As instituições internacionais também enfrentam dificuldades para produzir uma posição consensual sobre o reconhecimento de genocídios históricos. A ONU reúne Estados com diferentes interesses e relações diplomáticas, e a ausência de consenso limita a transformação de questões de memória em decisões multilaterais amplamente reconhecidas (KEOHANE, 1984). Este cenário evidencia uma tensão entre os princípios normativos do sistema internacional e os interesses particulares dos Estados, o que faz do caso armênio um exemplo das limitações do multilateralismo diante de disputas históricas sensíveis (MEARSHEIMER, 2001).

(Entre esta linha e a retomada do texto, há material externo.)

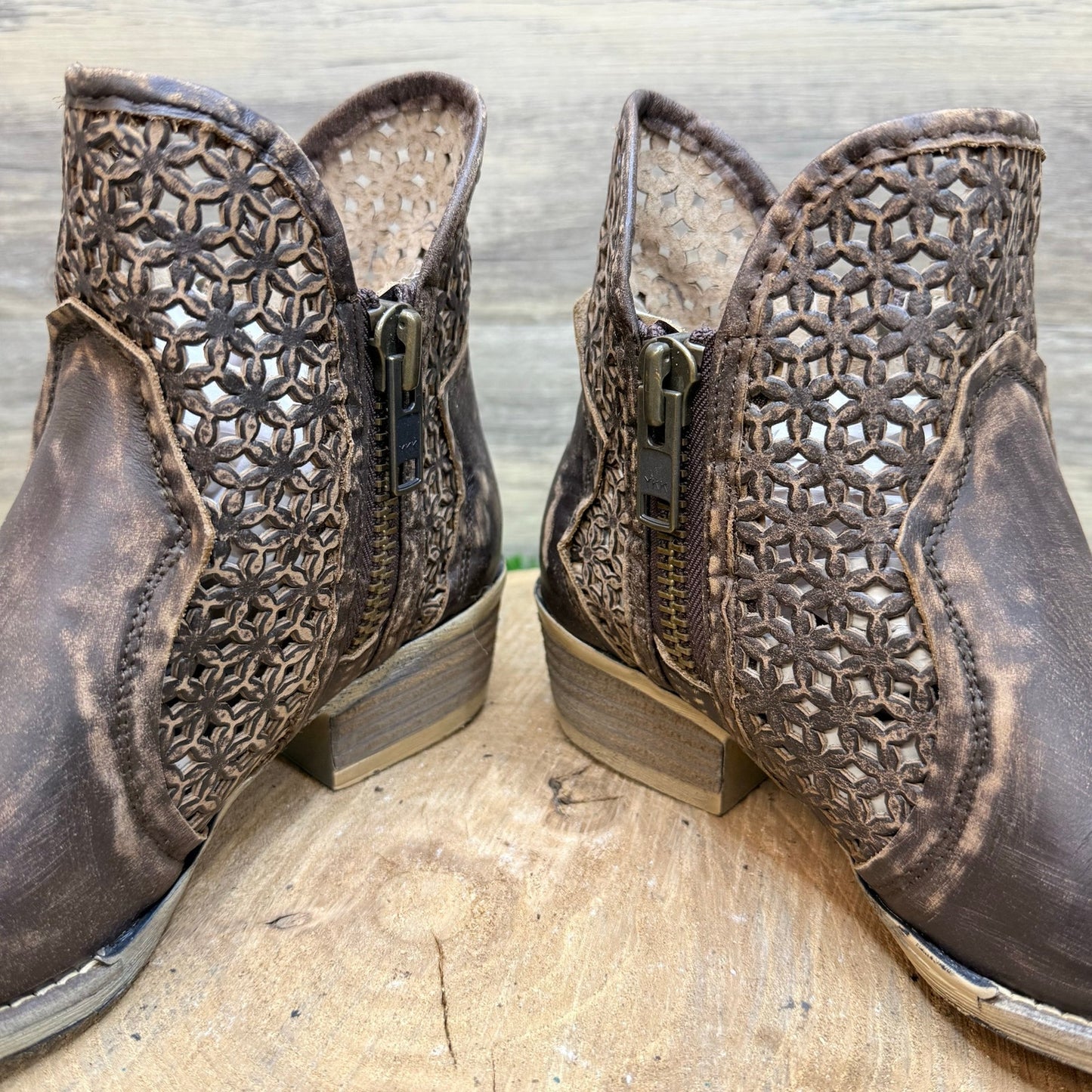 Circle G Women - Size 6.5 - Distressed Brown Cutout Ankle Boots Q5019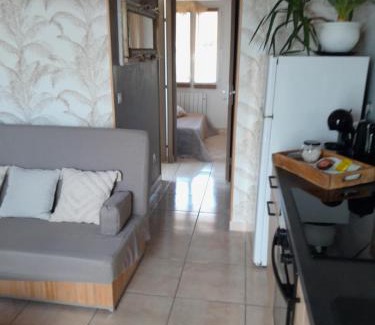 Le Cannet-des-Maures House | Appartement T1 plain pied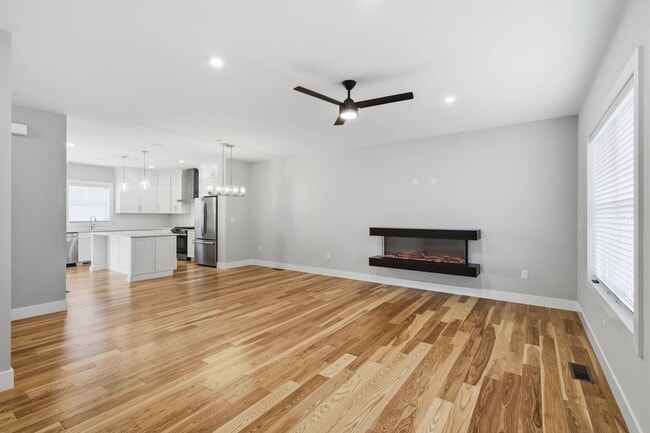 Building Photo - 7 Elise Ave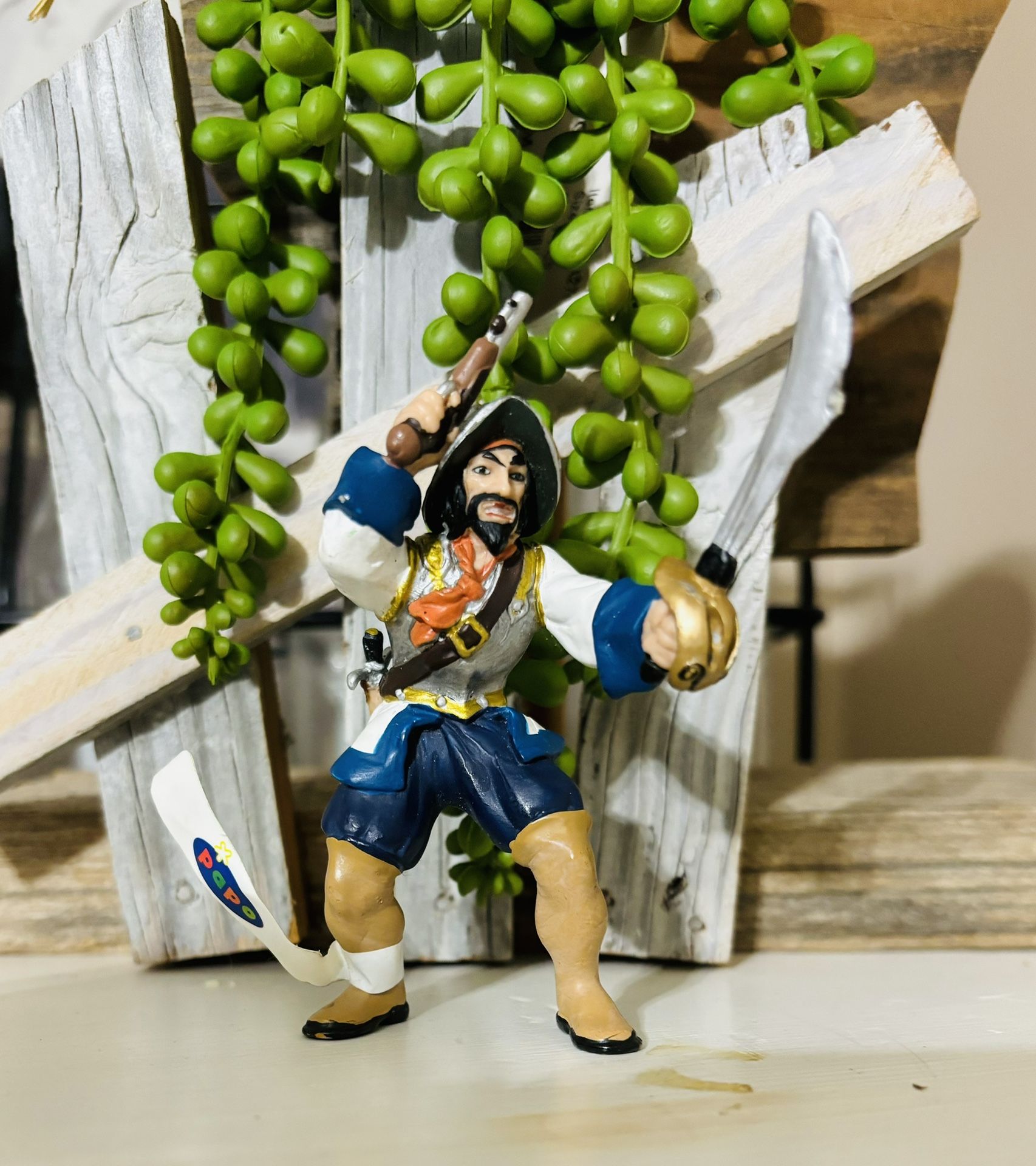 RETIRED Spanish Conquistador Pirate Fantasy Figure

O Realismo Neoclássico apresenta-se como a perspectiva mais adequada para compreender o problema, por combinar a influência das estruturas internacionais com a análise das decisões estatais. Randall Schweller (2006) argumenta que os Estados respondem às oportunidades e ameaças do sistema internacional de acordo com suas próprias percepções e interesses, o que explica por que princípios normativos nem sempre determinam o comportamento estatal: Estados podem reconhecer o genocídio por razões ligadas à memória ou aos direitos humanos, mas também evitar esse reconhecimento diante de custos estratégicos elevados.

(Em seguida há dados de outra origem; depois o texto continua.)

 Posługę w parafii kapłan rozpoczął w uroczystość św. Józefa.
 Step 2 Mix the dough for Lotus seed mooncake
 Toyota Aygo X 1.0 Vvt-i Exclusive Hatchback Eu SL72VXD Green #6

A análise do Genocídio Armênio demonstra que a memória histórica pode adquirir dimensão geopolítica ao influenciar relações diplomáticas contemporâneas, de modo que memória, identidade e política externa tornam-se elementos interligados. Compreender as barreiras ao seu reconhecimento exige, assim, ultrapassar uma interpretação exclusivamente histórica: a permanência do debate no século XXI revela os limites das instituições internacionais para estabelecer consensos quando interesses estratégicos entram em conflito com princípios normativos, evidenciando como poder, diplomacia e memória permanecem profundamente conectados nas Relações Internacionais.

Referências:

AKÇAM, Taner. A shameful act: the Armenian genocide and the question of Turkish responsibility. New York: Metropolitan Books, 2006.

KÉVORKIAN, Raymond H. The Armenian genocide: a complete history. London: I.B. Tauris, 2011. 

KEOHANE, Robert O. After hegemony: cooperation and discord in the world political economy. Princeton: Princeton University Press, 1984.

MEARSHEIMER, John J. The tragedy of great power politics. New York: W. W. Norton, 2001.

NYE, Joseph S. The future of power. New York: PublicAffairs, 2011.

SCHWELLER, Randall L. Unanswered threats: political constraints on the balance of power. Princeton: Princeton University Press, 2006.

SUNY, Ronald Grigor. “They can live in the desert but nowhere else”: a history of the Armenian genocide. Princeton: Princeton University Press, 2015.